Study margin basics, stock loan, locating and borrowing securities, and day-trading controls tested on Series 99.
Margin questions on Series 99 focus on operational understanding rather than investment strategy. The Operations Professional needs to know what kind of account may trade on margin, what documentation and disclosures are required, how margin requirements and calls work at a high level, and how stock lending or short-sale borrowing fits into the firm’s control framework.
This section also covers day-trading and buying-power concepts because operations teams often support the records, calls, and control steps those activities generate.

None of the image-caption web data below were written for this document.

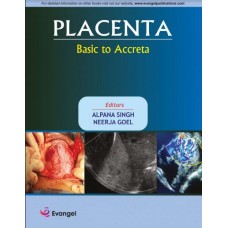 Placenta Basic to Accreta;1st Edition 2020 by Alpana Singh & Neerja Goel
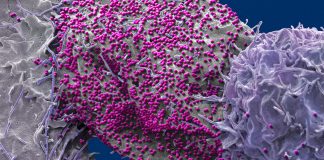 Cura do HIV em “paciente de São Paulo” intriga cientistas que pedem cautela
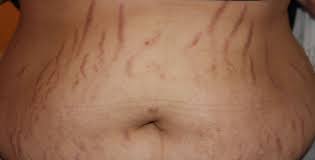 Image result for stretch marks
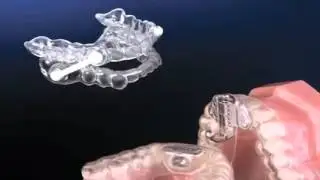 AveoTSD tongstabilisator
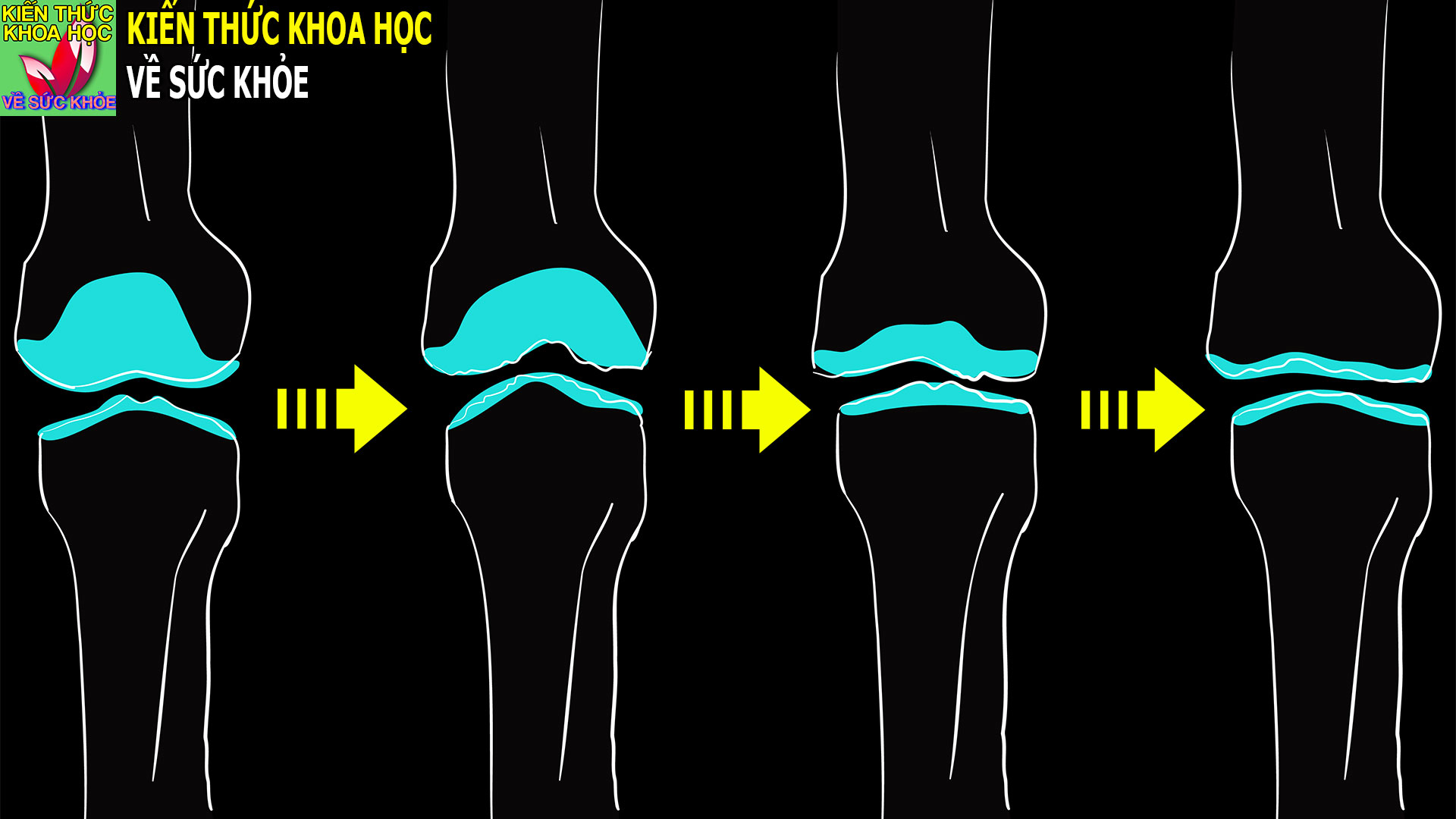 bo-phan-rat-de-bi-thoai-hoa-am-tham-ma-khong-co-dau-hieu-bao-truoc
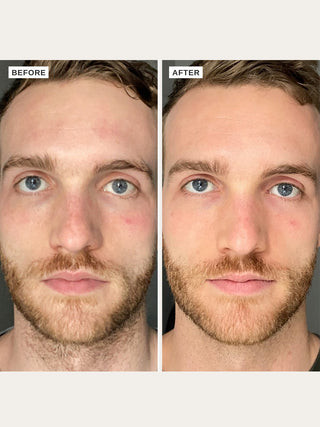 Alpha-H Vitamin B Serum før og efter resultat to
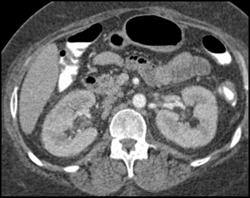 Right Renal Vein Thrombosis (RVT) - CTisus CT Scan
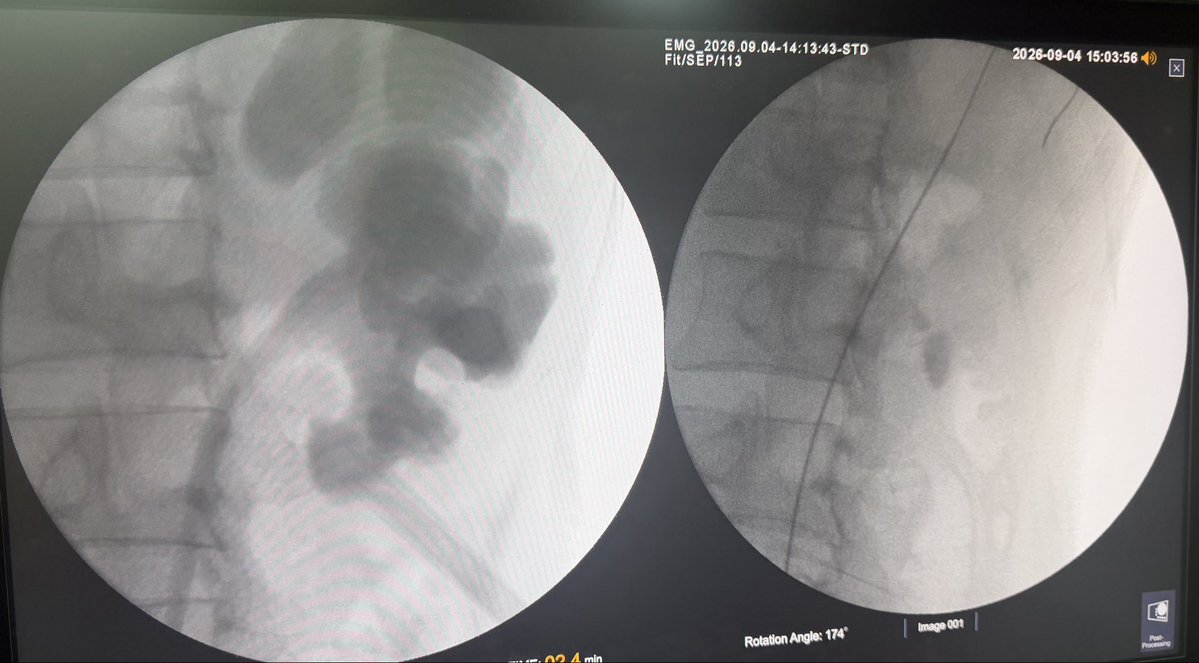 PrajwalPaudyal's tweet photo. An inferiorly and medially directed calyx poses a significant technical challenge for percutaneous access during supine PCNL..this is a pyelogram after stone clearance in inferior medial calyceal stone https://t.co/Dae1uMoFUM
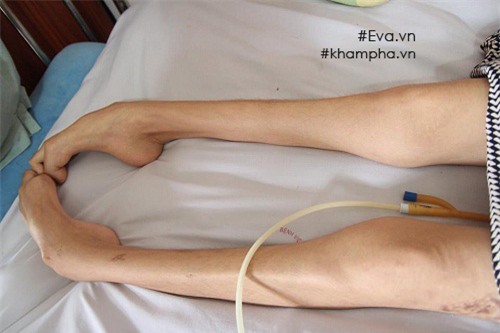 sau mot nam, nguoi me tre trong vu no bom o ha dong chi biet khoc moi khi con vao tham - 8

The exam is less about calculating advanced margin formulas and more about recognizing which obligations and restrictions exist once the account or position involves margin or borrowed securities.

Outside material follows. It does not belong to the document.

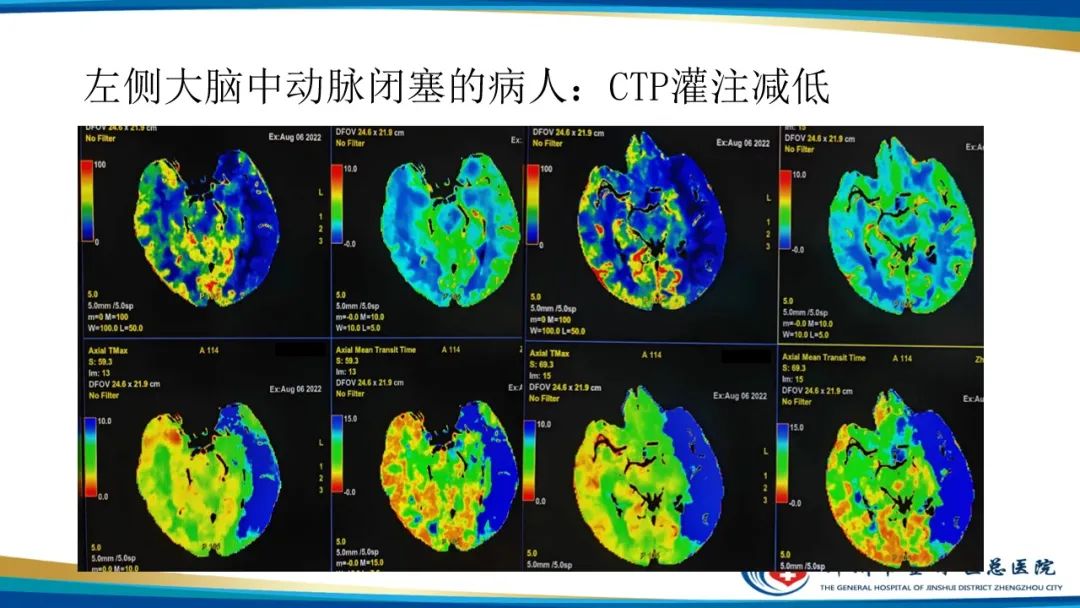 影像PPT - 【PPT】颅脑CT灌注成像及临床应用-14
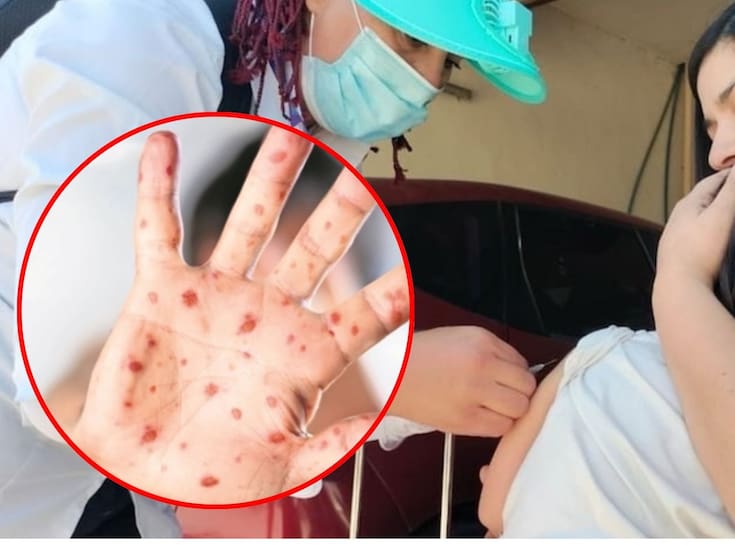 Especialistas advierten que el sarampión resurge en México tras el rezago de vacunación por el covid-19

If a question mentions borrow, locate, margin call, or account permission, the best answer usually turns on whether the account and the firm have the right operational foundation in place before the activity proceeds.
A customer wants to engage in short selling in an account that has not been approved for the necessary activity. What is the strongest Series 99 concern?
A. The issue is only whether the customer prefers equity over debt
B. The account-permission and borrowing-control framework may be insufficient for the activity requested
C. Short sales never involve operations review
D. The trade may proceed if the customer signs after execution
Answer: B. Series 99 margin and stock-loan questions usually test whether the account and firm controls are ready before the activity occurs. Documentation and borrowing controls cannot be treated as after-the-fact fixes.